O tema tem particular actualidade em Espanha, onde legislação recente alargou o casamento a uniões homossexuais. Os termos «pai» e «mãe» foram substituídos por «progenitor A» e «progenitor B», numa demonstração de engenharia social sem precedentes. Mas a Espanha não é caso único. Um pouco por toda a Europa e nos EUA, assiste-se a tentativas legislativas de redesenhar a família heterossexual monogâmica. Numa aliança inesperada - mas não surpreendente - grupos islâmicos aproveitam a onda inovadora para introduzir na agenda a consagração da poligamia.
Estes chamados «temas fracturantes» começaram por deixar os eleitorados indiferentes. Gradualmente, porém, geraram mal-estar e legítima reacção. Nos EUA, onze referendos estaduais recusaram por larga margem o «casamento homossexual». Sectores republicanos defendem a introdução de uma emenda constitucional definindo o casamento como a união entre um homem e uma mulher. Como vem sendo hábito, as «guerras culturais» começaram na América e chegam agora ao continente europeu. Na semana que agora termina, durante uma palestra que proferi em Madrid sobre Winston Churchill, a maior parte das perguntas foi sobre «temas fracturantes» e democracia.

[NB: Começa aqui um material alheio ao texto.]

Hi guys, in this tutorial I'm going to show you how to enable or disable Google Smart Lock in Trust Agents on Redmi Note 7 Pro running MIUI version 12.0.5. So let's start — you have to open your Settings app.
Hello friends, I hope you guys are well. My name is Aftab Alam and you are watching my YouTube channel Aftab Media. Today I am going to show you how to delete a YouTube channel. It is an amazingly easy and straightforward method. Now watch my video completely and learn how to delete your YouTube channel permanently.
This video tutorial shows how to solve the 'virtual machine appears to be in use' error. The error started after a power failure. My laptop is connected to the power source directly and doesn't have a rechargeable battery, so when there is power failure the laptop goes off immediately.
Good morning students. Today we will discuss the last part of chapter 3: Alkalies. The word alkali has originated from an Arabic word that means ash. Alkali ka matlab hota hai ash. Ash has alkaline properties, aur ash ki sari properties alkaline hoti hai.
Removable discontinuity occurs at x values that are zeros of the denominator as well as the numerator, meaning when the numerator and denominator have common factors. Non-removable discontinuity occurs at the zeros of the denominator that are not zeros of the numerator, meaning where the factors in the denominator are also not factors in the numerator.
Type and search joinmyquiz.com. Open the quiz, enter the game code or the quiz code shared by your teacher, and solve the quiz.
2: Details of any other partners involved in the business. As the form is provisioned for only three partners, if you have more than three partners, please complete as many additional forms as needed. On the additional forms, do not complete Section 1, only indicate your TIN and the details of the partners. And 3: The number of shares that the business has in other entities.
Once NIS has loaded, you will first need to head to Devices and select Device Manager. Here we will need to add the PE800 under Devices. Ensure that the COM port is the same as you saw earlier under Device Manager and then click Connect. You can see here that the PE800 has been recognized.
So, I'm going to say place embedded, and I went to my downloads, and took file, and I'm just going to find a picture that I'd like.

A ideologia fracturante anuncia-se como libertadora e igualitária. Quer libertar-nos da moral cristã, da vida familiar, e da hierarquia inerente à busca da excelência no domínio da educação. Tudo isto é apresentado em nome da liberdade e da democracia. Todos os que se opõem são apresentados como conservadores autoritários e antidemocratas. Nesta perspectiva, ser democrata significaria ser contra a religião - especialmente a judaico-cristã - e ser a favor do «casamento homossexual», do aborto gratuito a pedido, da pornografia na televisão à hora do jantar e, em geral, do relativismo moral. Ser democrata significaria ainda ser a favor de ensinar tudo isto aos filhos dos outros através de um sistema centralizado de escolas estatais, cuidadosamente protegidas da concorrência e da escolha livre das famílias.

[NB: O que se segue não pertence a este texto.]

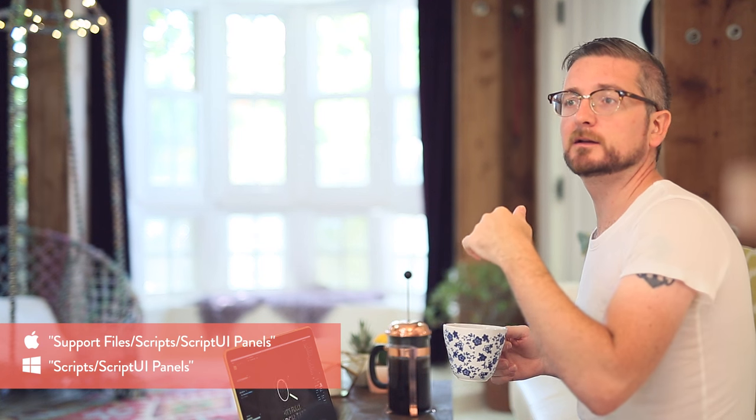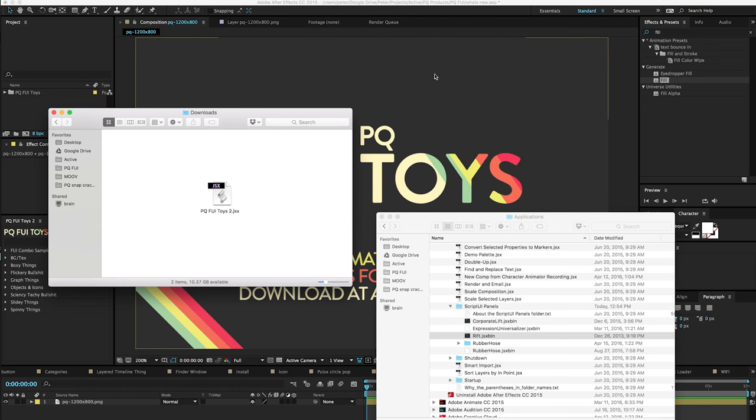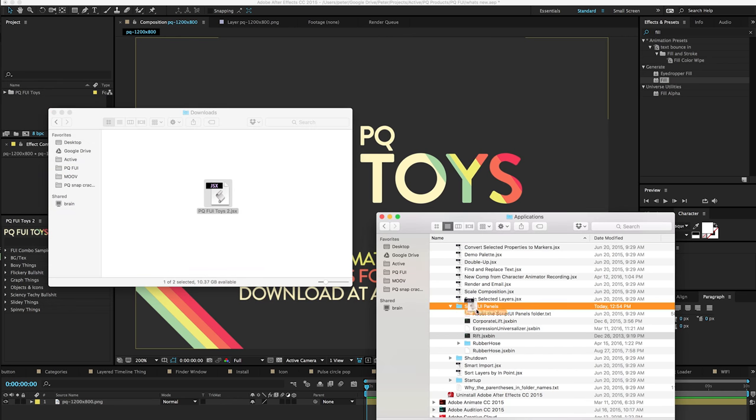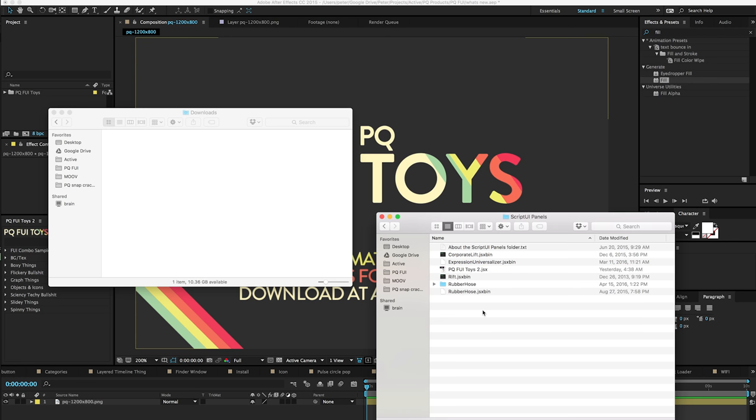Hello, so this video is going to explain how to install a Script UI Panel, which is going to start with you downloading the file to your downloads folder or wherever, then dragging it into the Script UI Panel folder in After Effects. So, you've got your JSX file, you're going to drag it into the Script UI Panels folder within After Effects' scripts folder.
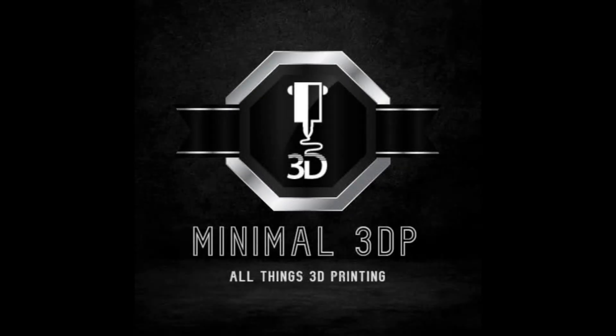Hey, this is Mike from Minimal 3DP, and today I'm taking a look at printing with high-temperature filaments on my Creality K2 Plus. So let's go ahead and get started.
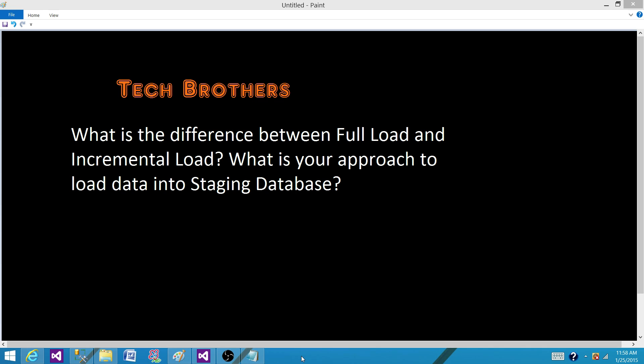This question can be broken into two parts. First, what is the difference between full load and incremental load? Full load is when we truncate or delete the entire data from all the tables — or some of the tables — where we want to do the full load, and bring everything from our source, whether that is flat files, OLTP, or any other source. We truncate and clean the entire tables, then load the entire dataset from the source.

A verdade é que estamos perante uma ideologia autoritária, como, suspeito, Winston Churchill não deixaria de observar. A democracia deixa de ser vista como um sistema de regras para limitar o governo e torná-lo responsável perante os contribuintes. Passa a ser identificada com um projecto político-filosófico particular, de natureza sectária e adversarial contra modos de vida descentralizados e realmente existentes. Em vez de protecção desses modos de vida, a democracia passa a ser entendida como mandato para uma vanguarda redesenhar instituições descentralizadas - como a família ou a religião - que não tinham sido desenhadas por ninguém. Trata-se, numa palavra, do jacobinismo em versão pós-moderna.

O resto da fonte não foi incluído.